Data under study:
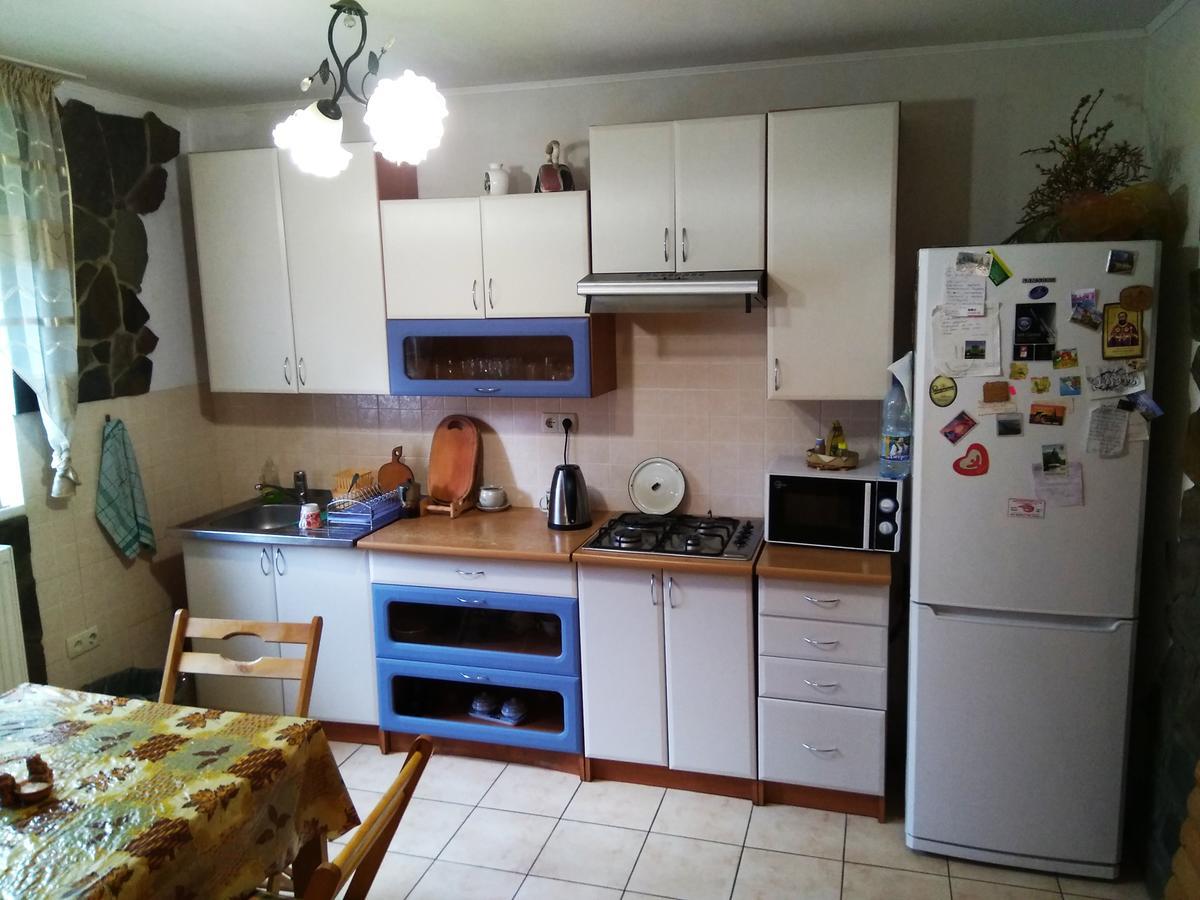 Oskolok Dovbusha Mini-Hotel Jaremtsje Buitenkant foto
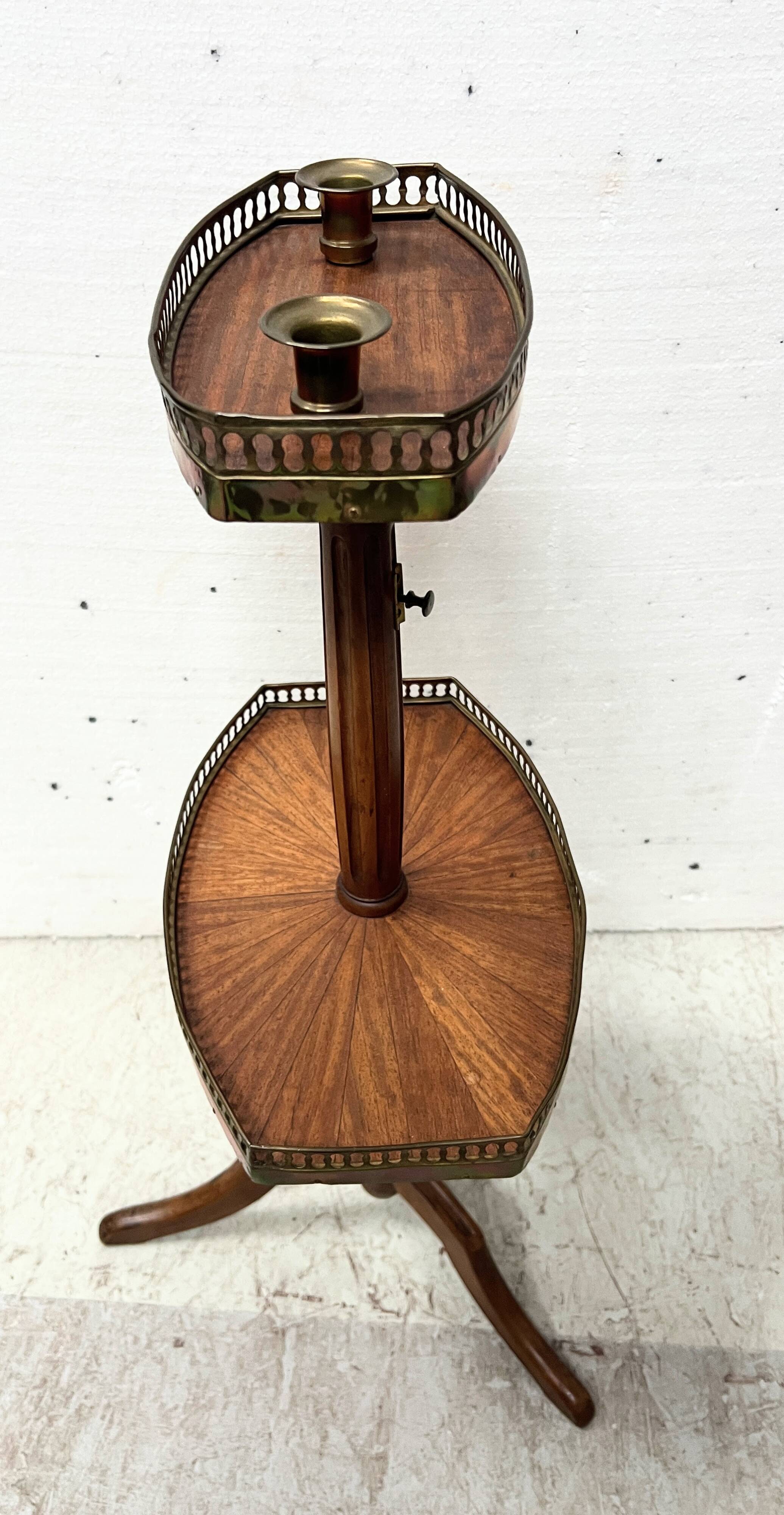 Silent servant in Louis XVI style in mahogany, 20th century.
* * *
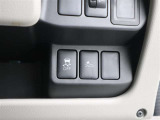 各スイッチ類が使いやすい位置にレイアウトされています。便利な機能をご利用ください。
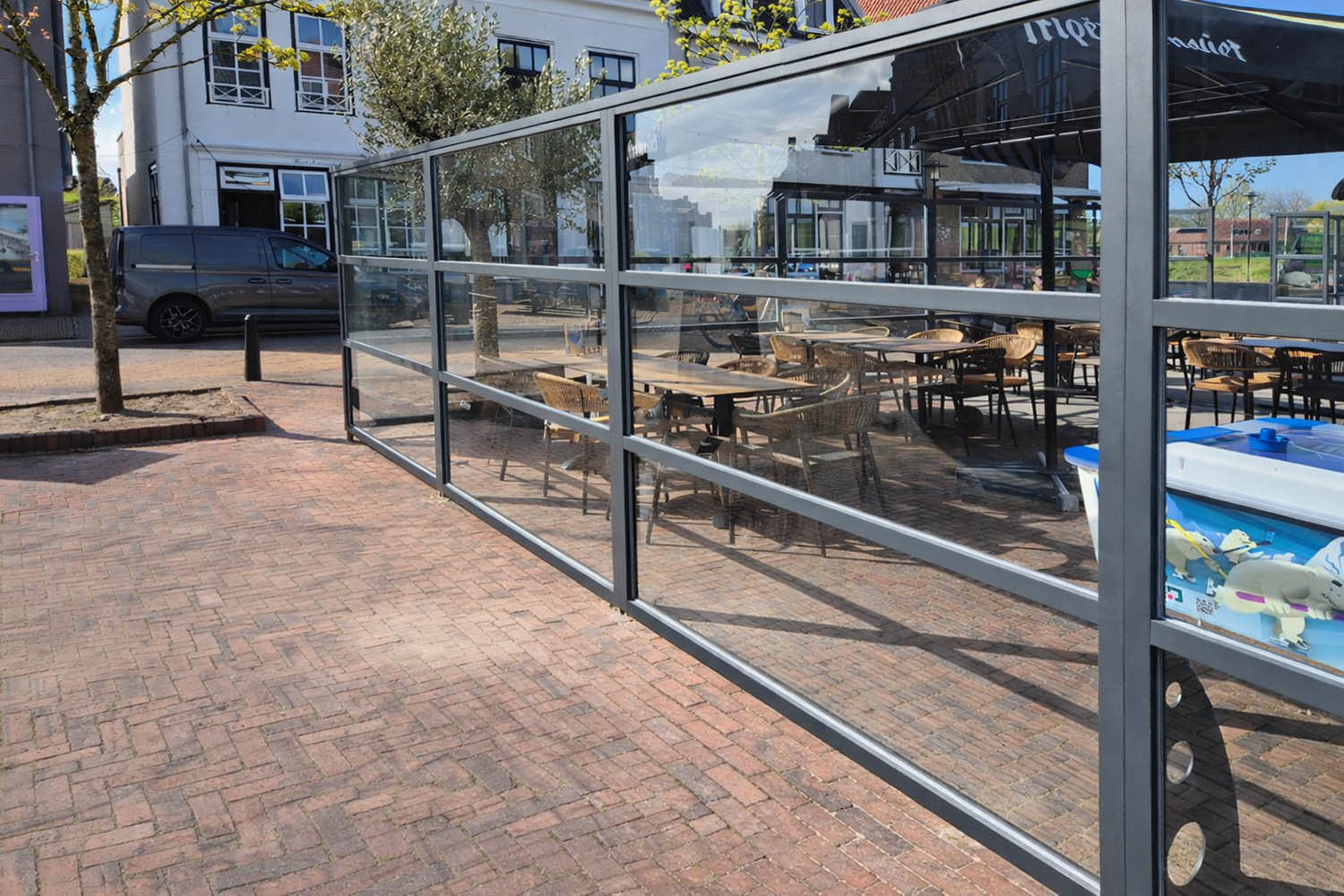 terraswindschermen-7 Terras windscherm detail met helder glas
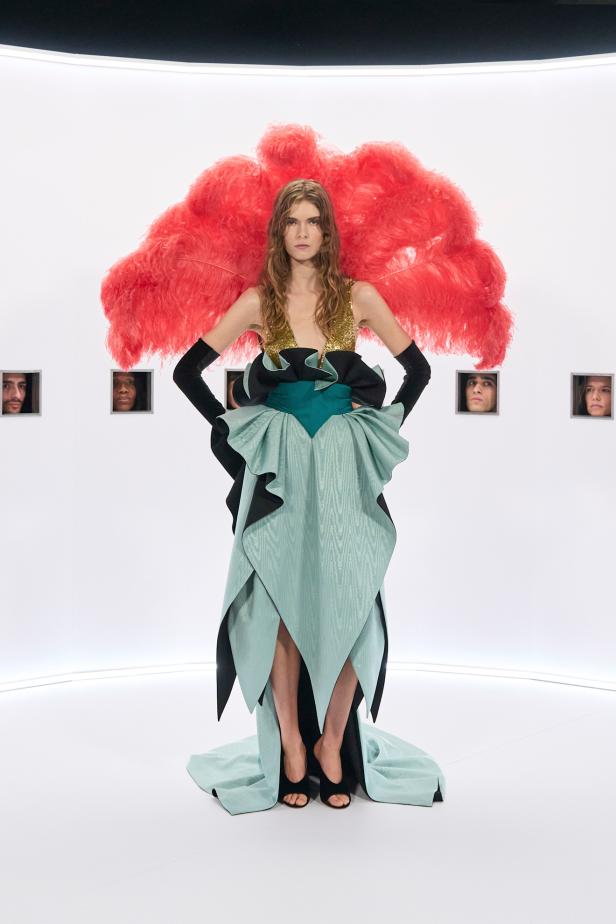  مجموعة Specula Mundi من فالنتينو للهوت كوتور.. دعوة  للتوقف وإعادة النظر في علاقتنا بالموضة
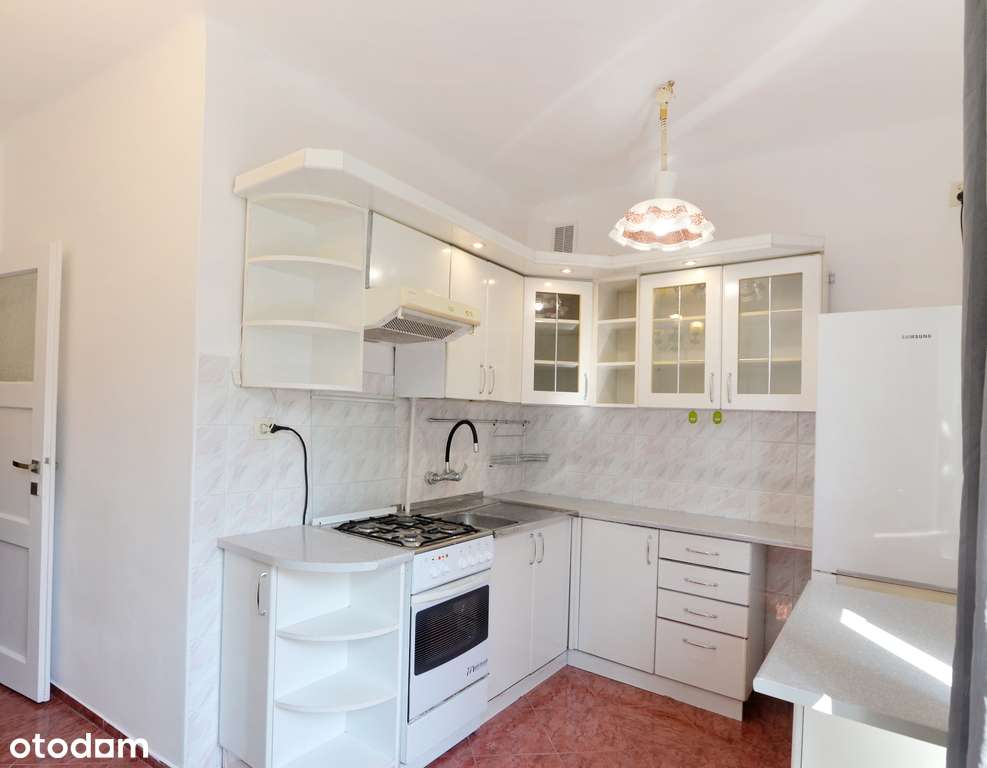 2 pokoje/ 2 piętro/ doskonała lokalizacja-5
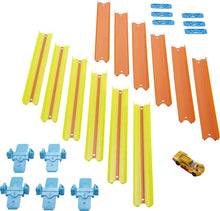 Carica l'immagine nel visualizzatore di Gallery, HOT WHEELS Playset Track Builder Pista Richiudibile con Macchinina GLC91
* * *
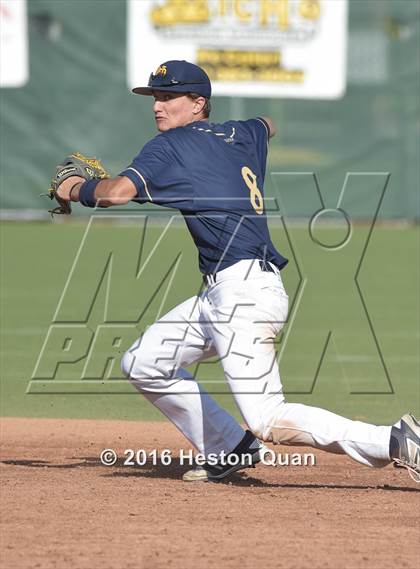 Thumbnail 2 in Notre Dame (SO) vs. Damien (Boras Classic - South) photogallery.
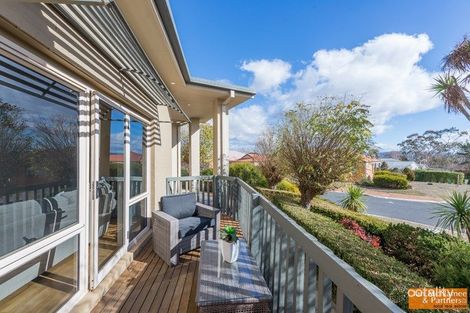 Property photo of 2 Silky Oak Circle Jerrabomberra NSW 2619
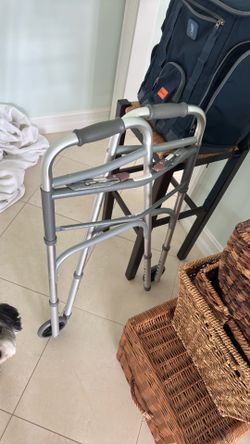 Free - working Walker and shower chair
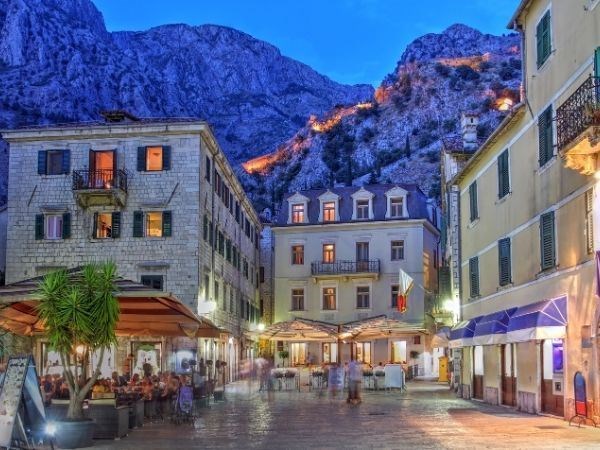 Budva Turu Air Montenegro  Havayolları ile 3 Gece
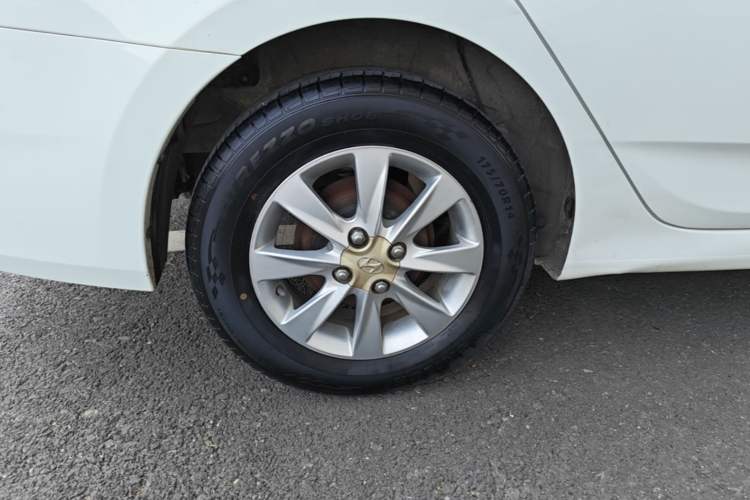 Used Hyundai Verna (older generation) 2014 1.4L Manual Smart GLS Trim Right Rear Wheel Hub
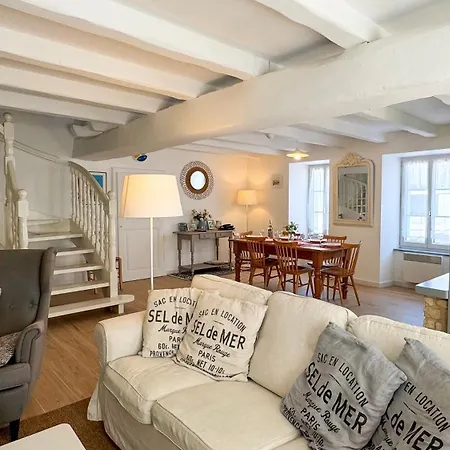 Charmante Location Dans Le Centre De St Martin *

What the task requires: Set the pictures aside and retype exactly the lines above from the line with "Oskolok Dovbusha Mini-Hotel" to the line with "Silent servant in", both included, adding no others.

Answer to this task:
 Oskolok Dovbusha Mini-Hotel Jaremtsje Buitenkant foto
 Silent servant in Louis XVI style in mahogany, 20th century.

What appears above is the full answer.